_EXERCISE DESCRIPTION_. Look through the material below and copy exactly the lines from the line with "In this video we" to the line with "But since you", those two lines included.

_EXERCISE INPUT_.
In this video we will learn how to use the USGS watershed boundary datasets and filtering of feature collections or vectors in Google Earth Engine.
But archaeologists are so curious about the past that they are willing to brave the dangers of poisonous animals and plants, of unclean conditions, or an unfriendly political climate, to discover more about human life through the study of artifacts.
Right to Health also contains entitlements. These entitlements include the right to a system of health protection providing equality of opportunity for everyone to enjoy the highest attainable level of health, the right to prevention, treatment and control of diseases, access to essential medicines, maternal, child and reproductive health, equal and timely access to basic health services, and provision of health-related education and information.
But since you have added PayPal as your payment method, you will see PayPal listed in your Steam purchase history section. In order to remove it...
--
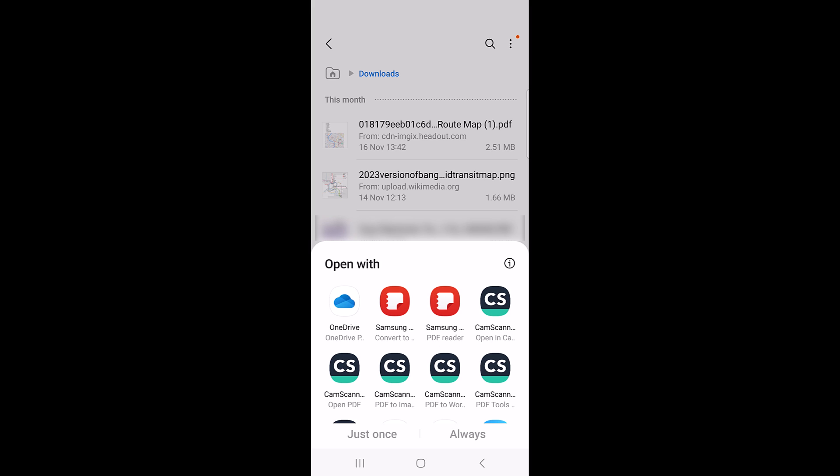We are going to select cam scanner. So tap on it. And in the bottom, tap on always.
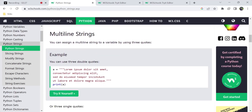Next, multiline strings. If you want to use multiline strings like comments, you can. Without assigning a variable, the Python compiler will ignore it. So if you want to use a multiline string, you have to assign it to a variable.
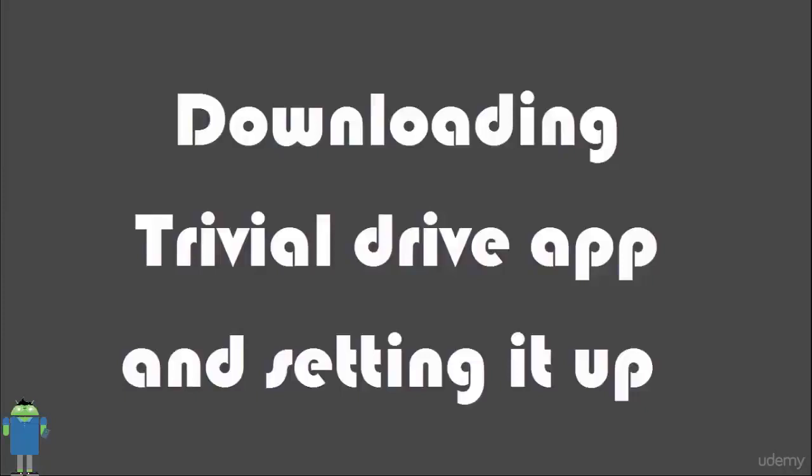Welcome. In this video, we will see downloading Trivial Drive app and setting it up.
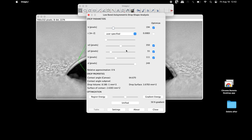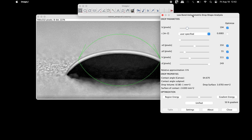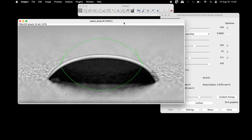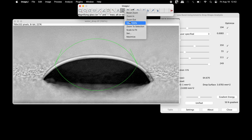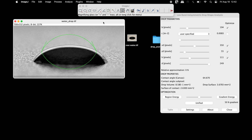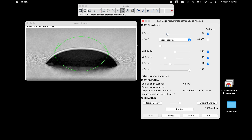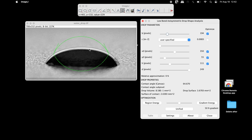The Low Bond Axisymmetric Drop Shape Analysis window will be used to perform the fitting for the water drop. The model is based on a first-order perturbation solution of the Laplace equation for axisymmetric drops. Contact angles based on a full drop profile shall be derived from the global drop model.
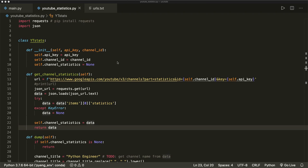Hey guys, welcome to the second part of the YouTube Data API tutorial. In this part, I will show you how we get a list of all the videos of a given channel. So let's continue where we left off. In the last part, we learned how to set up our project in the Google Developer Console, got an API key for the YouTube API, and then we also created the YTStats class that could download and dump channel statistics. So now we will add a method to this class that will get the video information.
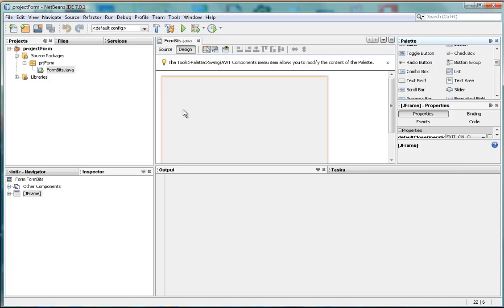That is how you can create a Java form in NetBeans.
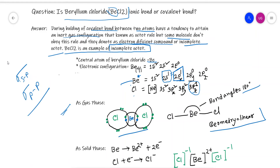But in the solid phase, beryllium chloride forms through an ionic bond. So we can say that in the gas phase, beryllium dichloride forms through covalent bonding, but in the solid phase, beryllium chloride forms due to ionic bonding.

_RESPONSE AREA_.
In this video we will learn how to use the USGS watershed boundary datasets and filtering of feature collections or vectors in Google Earth Engine.
But archaeologists are so curious about the past that they are willing to brave the dangers of poisonous animals and plants, of unclean conditions, or an unfriendly political climate, to discover more about human life through the study of artifacts.
Right to Health also contains entitlements. These entitlements include the right to a system of health protection providing equality of opportunity for everyone to enjoy the highest attainable level of health, the right to prevention, treatment and control of diseases, access to essential medicines, maternal, child and reproductive health, equal and timely access to basic health services, and provision of health-related education and information.
But since you have added PayPal as your payment method, you will see PayPal listed in your Steam purchase history section. In order to remove it...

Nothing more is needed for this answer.